• [Instructions to follow] Reproduce, from the lines below, exactly the stretch that begins at the line containing "Рюкзак Deuter Futura, 22" and ends at the line containing "2022年韩国爱情同性电视剧《冬后是樱花》全8集高清韩语中字", both included.

• [Data]

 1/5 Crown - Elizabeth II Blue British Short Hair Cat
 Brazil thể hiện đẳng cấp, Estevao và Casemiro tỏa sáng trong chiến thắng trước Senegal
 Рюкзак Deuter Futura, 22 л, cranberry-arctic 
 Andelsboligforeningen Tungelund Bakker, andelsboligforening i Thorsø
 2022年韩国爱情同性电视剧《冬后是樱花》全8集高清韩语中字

---

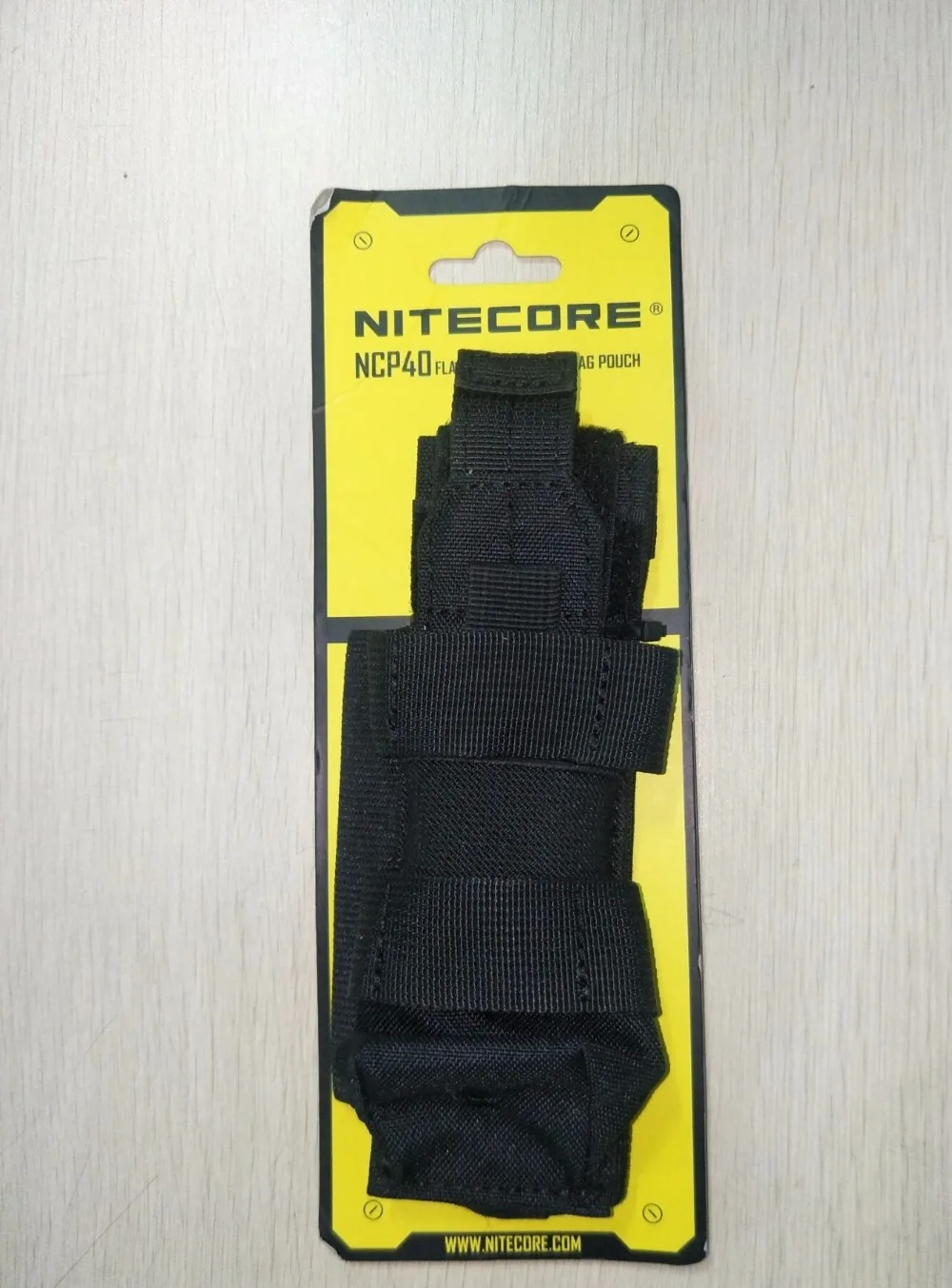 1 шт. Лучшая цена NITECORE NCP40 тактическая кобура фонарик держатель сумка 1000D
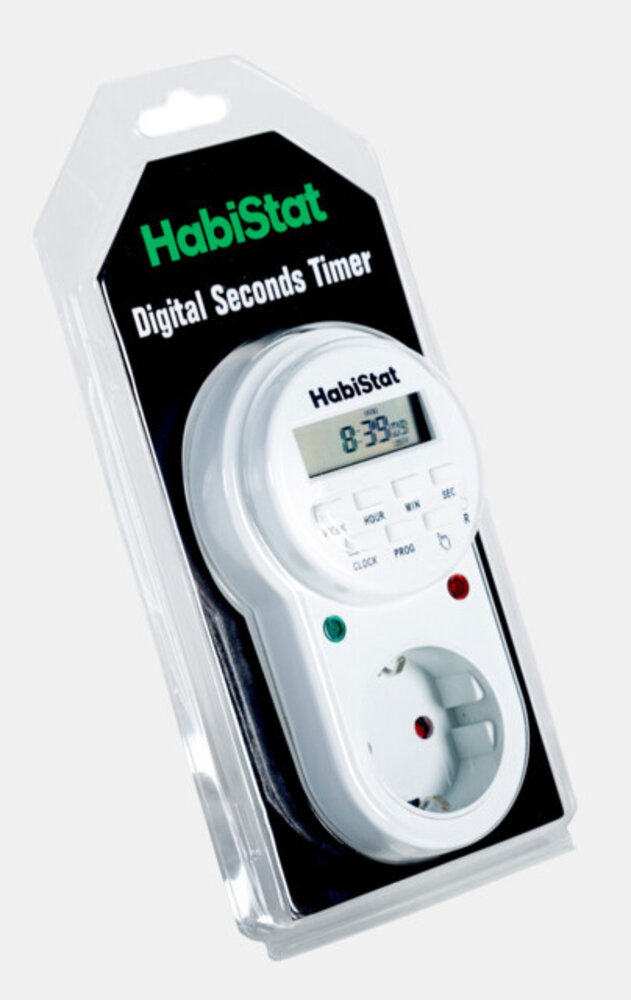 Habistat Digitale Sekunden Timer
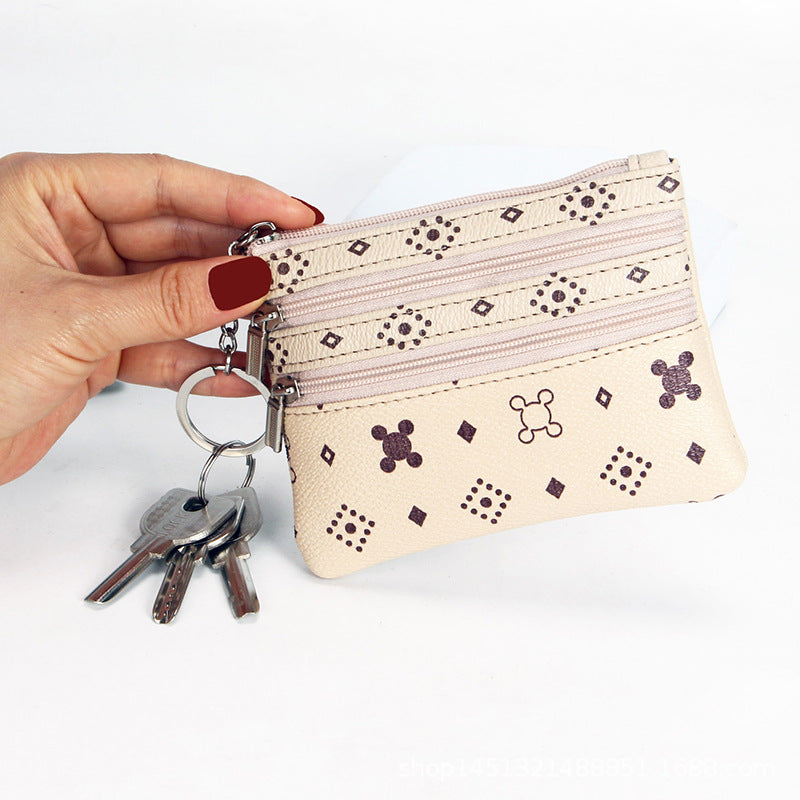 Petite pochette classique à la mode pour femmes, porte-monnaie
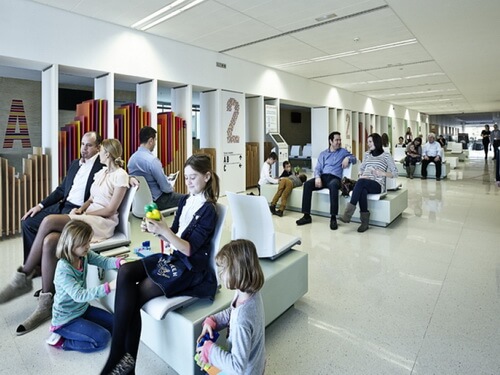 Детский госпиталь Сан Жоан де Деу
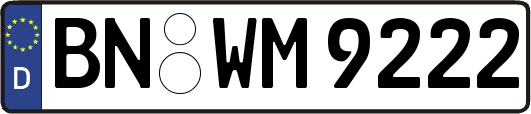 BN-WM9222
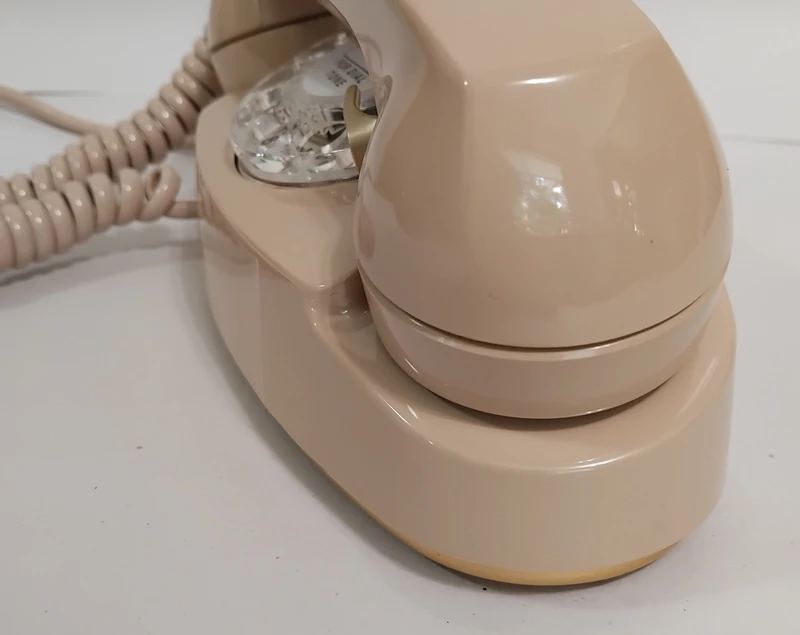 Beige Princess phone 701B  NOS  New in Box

• [Your response]
 Рюкзак Deuter Futura, 22 л, cranberry-arctic 
 Andelsboligforeningen Tungelund Bakker, andelsboligforening i Thorsø
 2022年韩国爱情同性电视剧《冬后是樱花》全8集高清韩语中字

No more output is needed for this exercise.